コレクション当日の熱気に包まれたバックステージ。モデル一人一人に施されたヘアとメイクには、デザイナーの思いをくんだプロフェッショナルたちの表現が込められている。(この記事は「WWDJAPAN」2025年9月15日号からの抜粋です)
「フェティコ」
“違い”が自立した女性像に
ルックで際立っていたのは多彩なリップの表情だ。青みやバイオレットを含むダークトーンを軸にトーンを衣装に合わせて振り分け、潔くリップを引かない選択をしたモデルも。

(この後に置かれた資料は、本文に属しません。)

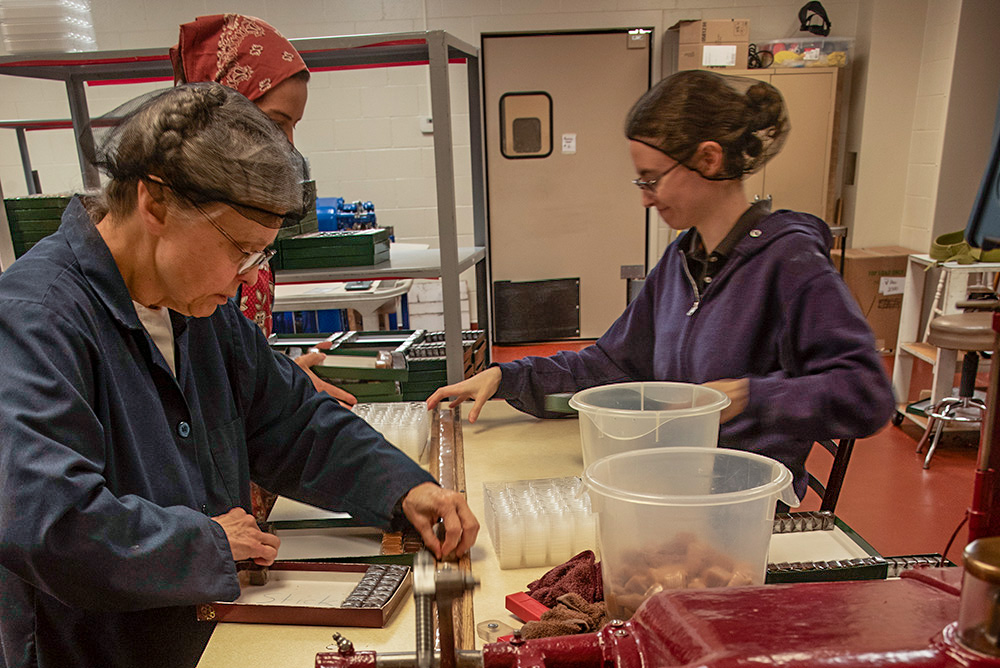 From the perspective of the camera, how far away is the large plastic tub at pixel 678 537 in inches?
33.2

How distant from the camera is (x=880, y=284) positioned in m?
4.94

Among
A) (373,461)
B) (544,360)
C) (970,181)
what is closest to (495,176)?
(970,181)

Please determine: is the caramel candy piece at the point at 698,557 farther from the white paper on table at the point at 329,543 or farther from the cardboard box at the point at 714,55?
the cardboard box at the point at 714,55

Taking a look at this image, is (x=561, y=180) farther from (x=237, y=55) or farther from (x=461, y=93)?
(x=237, y=55)

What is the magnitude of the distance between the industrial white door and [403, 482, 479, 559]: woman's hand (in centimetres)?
453

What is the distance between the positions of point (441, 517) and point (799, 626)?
70cm

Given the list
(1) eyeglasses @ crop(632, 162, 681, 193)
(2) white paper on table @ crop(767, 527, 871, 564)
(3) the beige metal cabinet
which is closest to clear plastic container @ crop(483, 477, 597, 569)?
(2) white paper on table @ crop(767, 527, 871, 564)

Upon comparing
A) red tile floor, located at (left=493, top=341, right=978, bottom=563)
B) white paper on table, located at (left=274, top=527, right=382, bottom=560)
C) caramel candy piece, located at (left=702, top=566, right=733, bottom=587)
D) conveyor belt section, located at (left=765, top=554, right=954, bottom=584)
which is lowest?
red tile floor, located at (left=493, top=341, right=978, bottom=563)

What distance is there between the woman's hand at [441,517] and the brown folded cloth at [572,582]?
140mm

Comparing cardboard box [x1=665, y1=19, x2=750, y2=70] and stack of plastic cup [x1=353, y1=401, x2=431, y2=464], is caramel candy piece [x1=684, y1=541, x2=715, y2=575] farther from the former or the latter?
cardboard box [x1=665, y1=19, x2=750, y2=70]

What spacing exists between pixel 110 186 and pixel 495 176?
470cm

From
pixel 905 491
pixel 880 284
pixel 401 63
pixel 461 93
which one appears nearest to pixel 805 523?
pixel 401 63

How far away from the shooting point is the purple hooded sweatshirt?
1.25 m

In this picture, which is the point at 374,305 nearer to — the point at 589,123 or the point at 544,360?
A: the point at 544,360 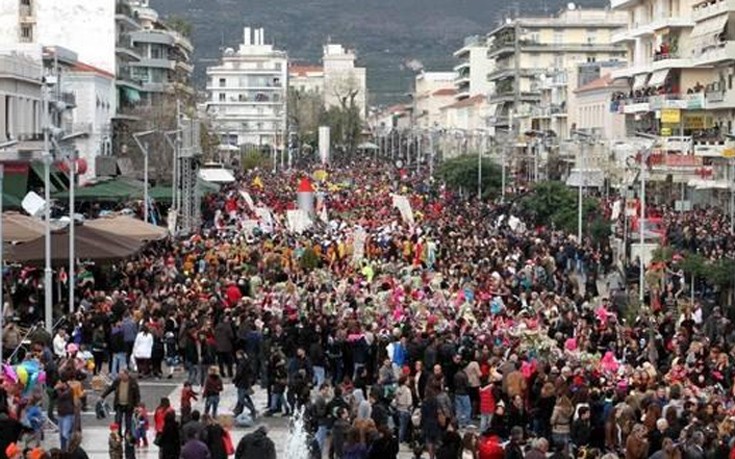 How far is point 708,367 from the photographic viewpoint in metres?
27.0

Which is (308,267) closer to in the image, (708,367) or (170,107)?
(708,367)

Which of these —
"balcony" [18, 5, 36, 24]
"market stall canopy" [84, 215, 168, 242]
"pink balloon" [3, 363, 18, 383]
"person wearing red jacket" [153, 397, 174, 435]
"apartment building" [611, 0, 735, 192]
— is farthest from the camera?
"balcony" [18, 5, 36, 24]

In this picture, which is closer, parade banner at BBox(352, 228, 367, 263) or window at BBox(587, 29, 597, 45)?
parade banner at BBox(352, 228, 367, 263)

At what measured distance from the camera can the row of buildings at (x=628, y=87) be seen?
69938mm

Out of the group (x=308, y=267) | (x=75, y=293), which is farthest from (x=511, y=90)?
(x=75, y=293)

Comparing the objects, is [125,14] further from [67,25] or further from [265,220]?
[265,220]

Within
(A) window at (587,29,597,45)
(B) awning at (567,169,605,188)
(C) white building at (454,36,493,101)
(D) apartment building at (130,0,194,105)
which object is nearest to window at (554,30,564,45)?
(A) window at (587,29,597,45)

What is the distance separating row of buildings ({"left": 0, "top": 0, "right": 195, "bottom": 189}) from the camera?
205 ft

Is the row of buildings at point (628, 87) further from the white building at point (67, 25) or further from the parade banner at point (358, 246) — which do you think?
the white building at point (67, 25)

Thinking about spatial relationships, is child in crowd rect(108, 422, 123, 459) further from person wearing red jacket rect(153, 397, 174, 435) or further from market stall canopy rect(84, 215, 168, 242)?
market stall canopy rect(84, 215, 168, 242)

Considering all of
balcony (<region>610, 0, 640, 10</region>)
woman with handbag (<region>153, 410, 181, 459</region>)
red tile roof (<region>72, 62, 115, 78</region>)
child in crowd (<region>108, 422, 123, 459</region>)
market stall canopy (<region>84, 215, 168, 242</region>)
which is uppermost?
balcony (<region>610, 0, 640, 10</region>)

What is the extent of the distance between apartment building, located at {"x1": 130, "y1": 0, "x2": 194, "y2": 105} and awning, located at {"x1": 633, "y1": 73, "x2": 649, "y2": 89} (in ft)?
102

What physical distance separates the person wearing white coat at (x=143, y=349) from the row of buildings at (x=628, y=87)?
32891 mm

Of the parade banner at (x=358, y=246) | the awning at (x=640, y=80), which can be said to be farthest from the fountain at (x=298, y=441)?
the awning at (x=640, y=80) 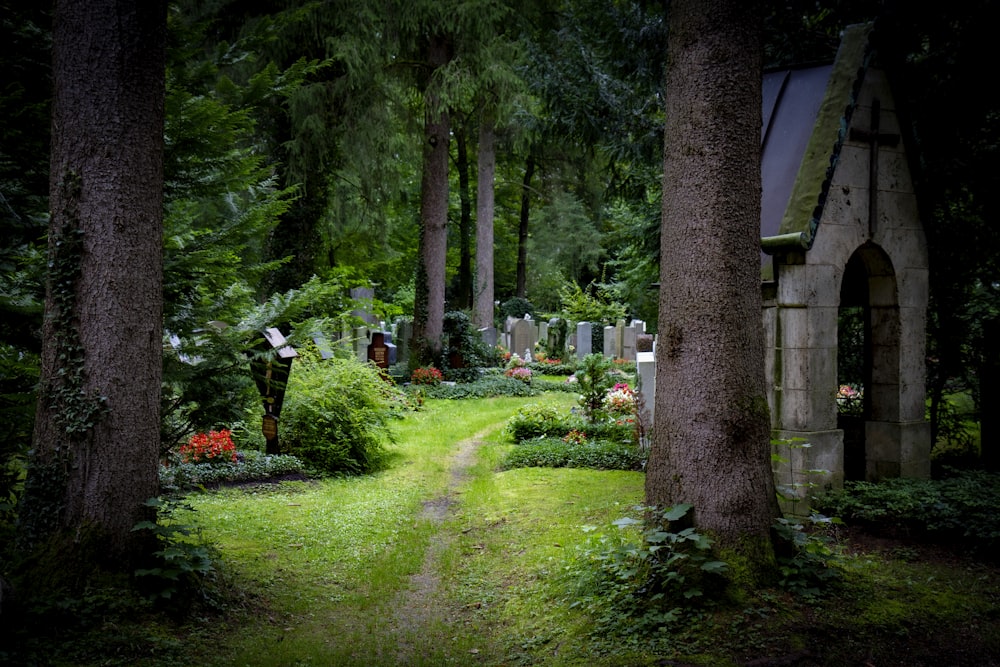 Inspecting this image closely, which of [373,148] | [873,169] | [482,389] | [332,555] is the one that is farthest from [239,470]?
[373,148]

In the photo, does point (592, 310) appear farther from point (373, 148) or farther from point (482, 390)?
point (373, 148)

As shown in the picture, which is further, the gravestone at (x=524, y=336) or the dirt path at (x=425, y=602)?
the gravestone at (x=524, y=336)

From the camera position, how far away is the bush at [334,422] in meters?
9.95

眉もブリーチや1920年代を思わせる細眉で軽やかさを取り入れた。ヘアはムードボードから導かれた「はかなさ」「緊張感」を軸に構築。耳を覆うクラシカルなタイトヘアから、あえて崩したラフな質感まで幅を持たせ、不安定さを美学として残した。はかない少女的なキャラクターの隣に強い存在感を放つモデルを並べるなど、飛び道具的な“ランダムさ”も意図的に投入。モデルそれぞれの素の個性を尊重することで、「フェティコ(FETICO)」の描く女性像に無理のない説得力を生んだ。
Key Item
comment:
HAIR STYLIST 森岡祐介

ムードボードからはかなさや緊張感を受け取った。整えるよりも少し崩すことで、緊張感の中に人間らしさや温度が立ち上がる。完璧な均一感ではなく、モデルそれぞれの個性が持つ“揺らぎ”を残すことが「フェティコ」の描く女性像には欠かせないと考えた。